— Work instruction —
For the listing below, the answer is an exact retyping of the lines from the one with "Estrutura de cama" through the one with "Travel Toothbrush Case, Portable", both included, without pictures.

— Given data —
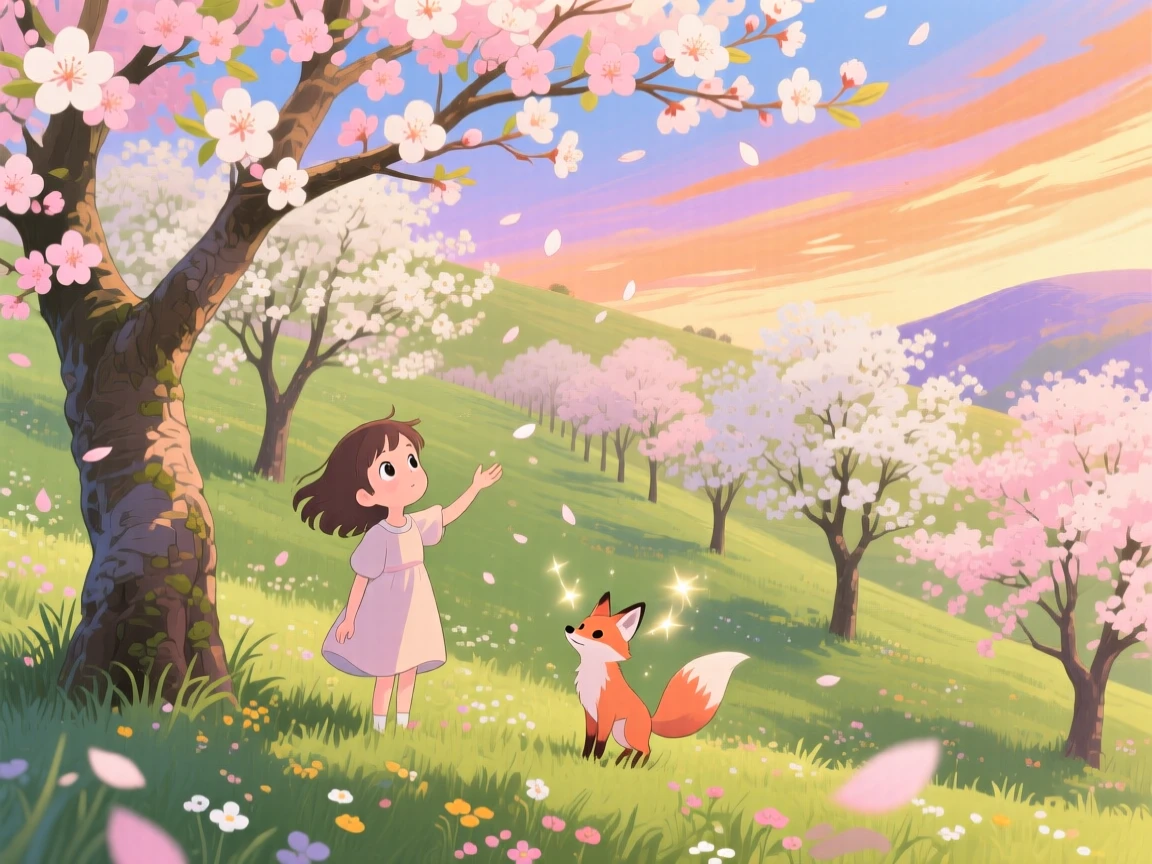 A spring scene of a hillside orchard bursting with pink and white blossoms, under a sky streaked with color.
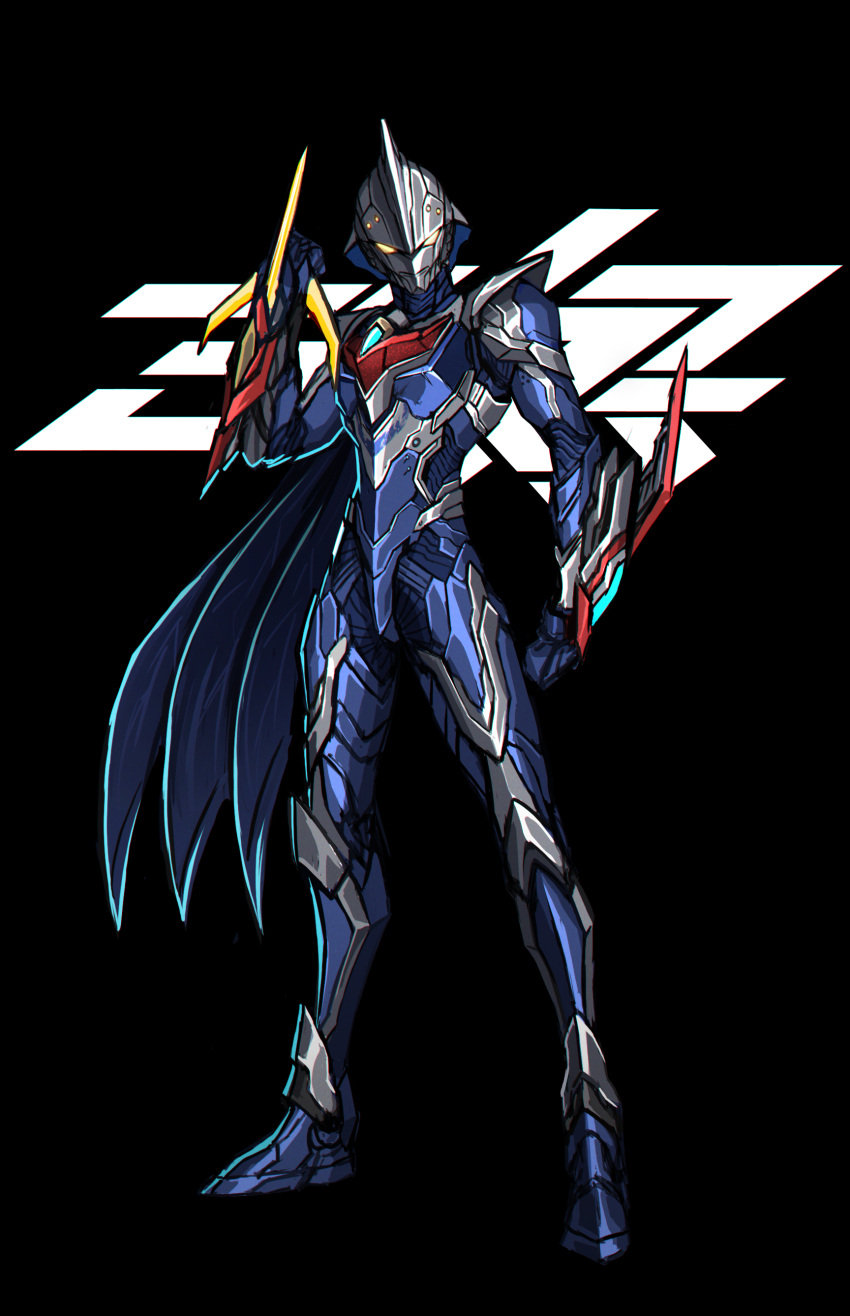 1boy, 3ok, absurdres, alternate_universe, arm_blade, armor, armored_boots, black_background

==

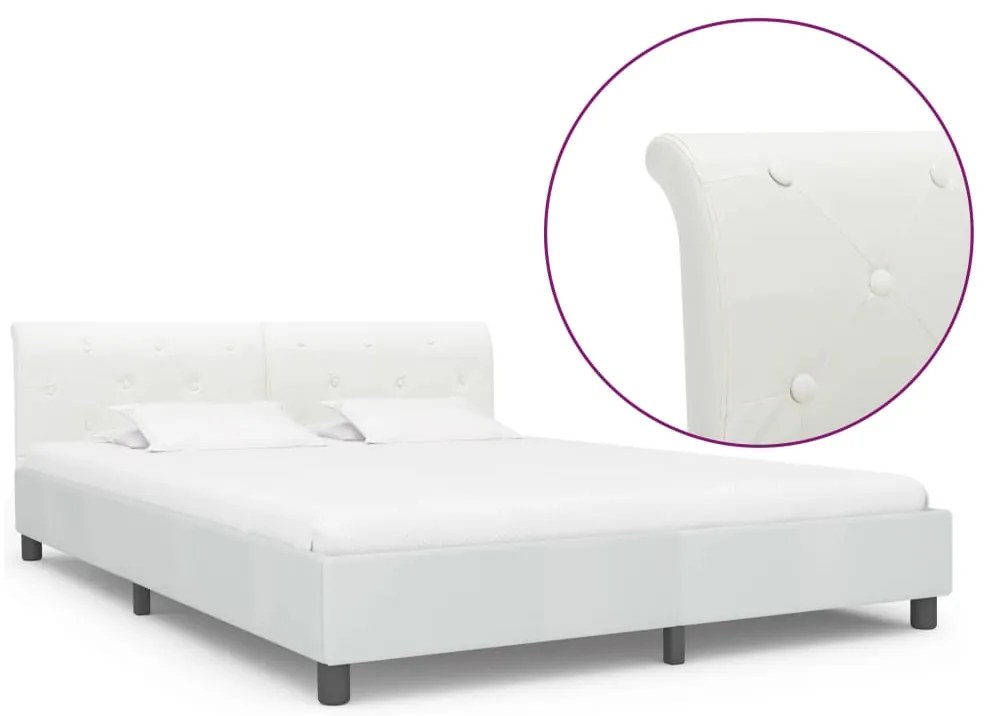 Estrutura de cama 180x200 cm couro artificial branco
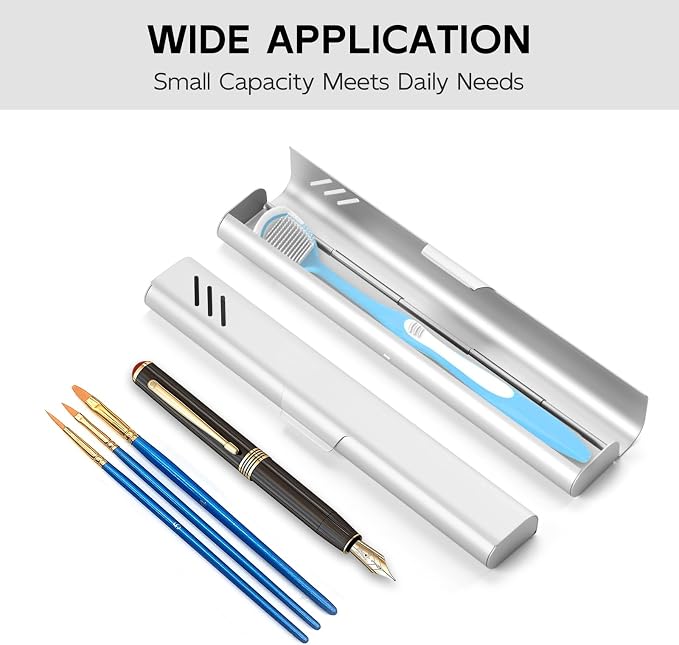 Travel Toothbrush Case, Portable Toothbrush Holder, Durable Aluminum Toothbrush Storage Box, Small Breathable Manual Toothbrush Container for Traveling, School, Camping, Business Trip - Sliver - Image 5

— Finished task —
 Estrutura de cama 180x200 cm couro artificial branco
 Travel Toothbrush Case, Portable Toothbrush Holder, Durable Aluminum Toothbrush Storage Box, Small Breathable Manual Toothbrush Container for Traveling, School, Camping, Business Trip - Sliver - Image 5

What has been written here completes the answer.